# UPMCE Machine Learning Palooza
### Goal
Predict the length-of-stay (LOS) of a patient in a hospital. See this repo to get details about the challenge [here](https://git.tdc.upmc.edu/MachineLearning/ml-intro-spark-regression) 

#### 1) Get my features before splitting

In [1]:
import pandas as pd
import numpy as np
import scipy.sparse as sp

from sklearn.cross_validation import train_test_split
from sklearn.linear_model import LinearRegression
from sklearn import metrics

from ohe import *

In [2]:
url = "C:/Users/dickm/Documents/Projects/ML/Source/UPMC/Pharmacy/visit_train_panda.csv"
#url = 'http://sparkdl04:50070/webhdfs/v1/palooza/data/visit_train_panda.csv?op=OPEN'
source_data = pd.read_csv(url)

#Get parse admin dates and add derived day of week (DOW) fields
source_data.ArriveDate = source_data.ArriveDate.map(lambda d: pd.to_datetime(str(d)))
source_data.DischargeDate = source_data.DischargeDate.map(lambda d: pd.to_datetime(str(d)))

#Add DOW columns.
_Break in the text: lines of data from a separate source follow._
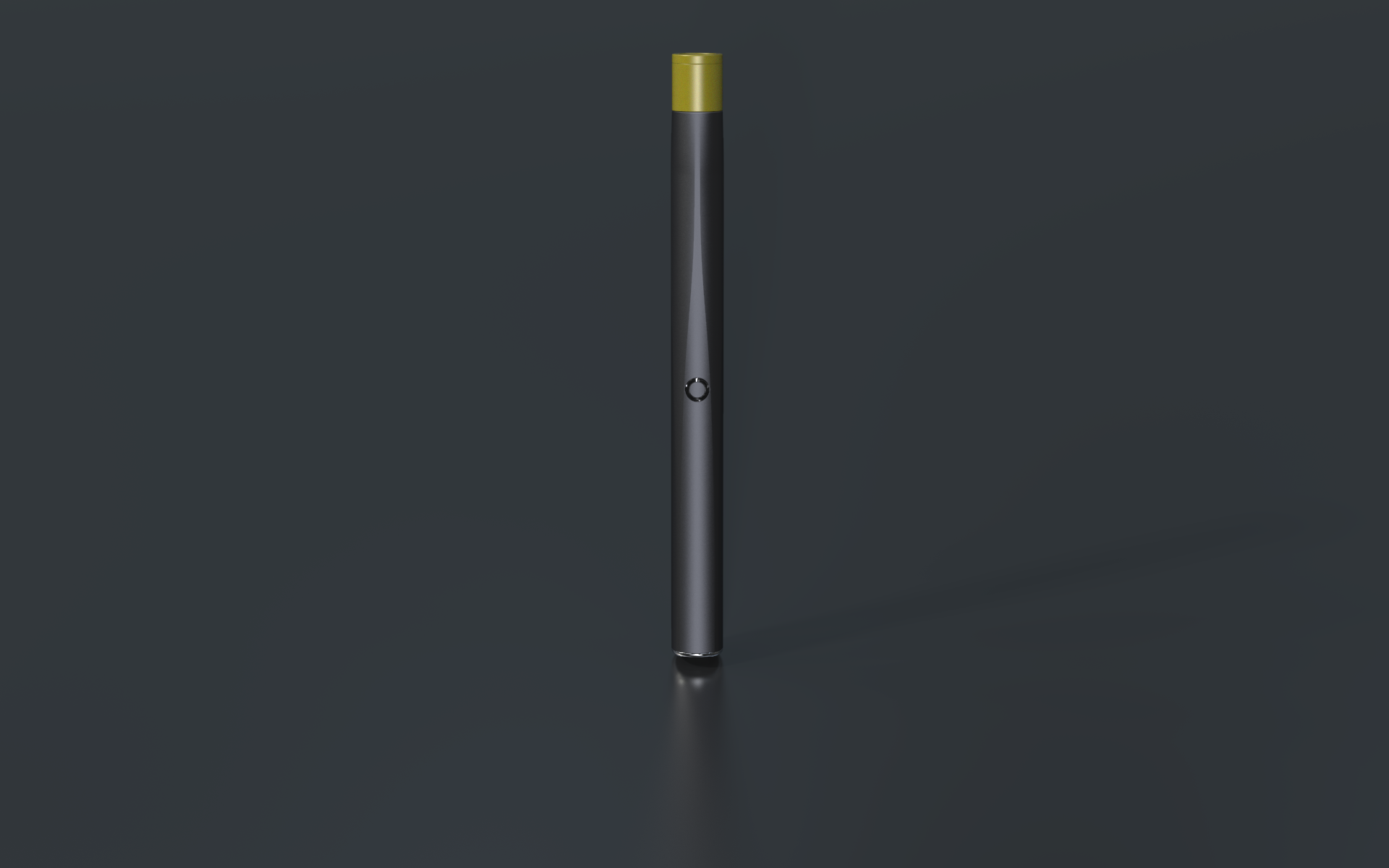 e-cig_1.png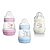 Mamadeira Anticólica Mam Easy Start  Bico 0m+ Cores - 130ml - Imagem 1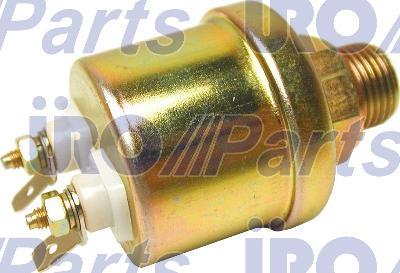 Uro 92860620301 Sender Unit, oil pressure 92860620301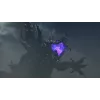 Nintendo Bayonetta 3 (Switch) Standard Γερμανικά Nintendo Switch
N.B. Monday is 0 and Sunday is 6.
source_data['ArriveDateDOW'] = source_data.ArriveDate.dt.dayofweek
source_data['DischargeDateDOW'] = source_data.DischargeDate.dt.dayofweek

source_data.head()

Unnamed: 0,VisitID,Hospital,Dept_Code,PaymentType,Age,Race,Gender,FC,ArriveDate,DischargeDate,LOS,DXCODE,Description,DispenseID,DOC,ArriveDateDOW,DischargeDateDOW
0,HdBgCT1YkEl14280,SHY,436,I,77,W,M,MS,2014-10-07,2014-10-10,3,197.7,SECOND MALIG NEO LIVE,1,10028,1,4
1,HdBgCT1YkEl14280,SHY,436,I,77,W,M,MS,2014-10-07,2014-10-10,3,276.2,ACIDOSIS,1,10028,1,4
2,HdBgCT1YkEl14280,SHY,436,I,77,W,M,MS,2014-10-07,2014-10-10,3,198.5,SECONDARY MALIG NEO B,1,10028,1,4
3,HdBgCT1YkEl14280,SHY,436,I,77,W,M,MS,2014-10-07,2014-10-10,3,253.6,NEUROHYPOPHYSIS DIS N,1,10028,1,4
4,HdBgCT1YkEl14280,SHY,436,I,77,W,M,MS,2014-10-07,2014-10-10,3,V58.66,LONG-TERM USE ASPIRIN,1,10028,1,4


## N.B. - Sparse encode DXCODE
DXCODE is too big, but it can be sparsely represented. DXCODE has over 4K unique values so it is impossible to encode using a dense matric like panda on a single machine.

In [29]:
mytest = scipy.sparse.csr_matrix(source_data.as_matrix())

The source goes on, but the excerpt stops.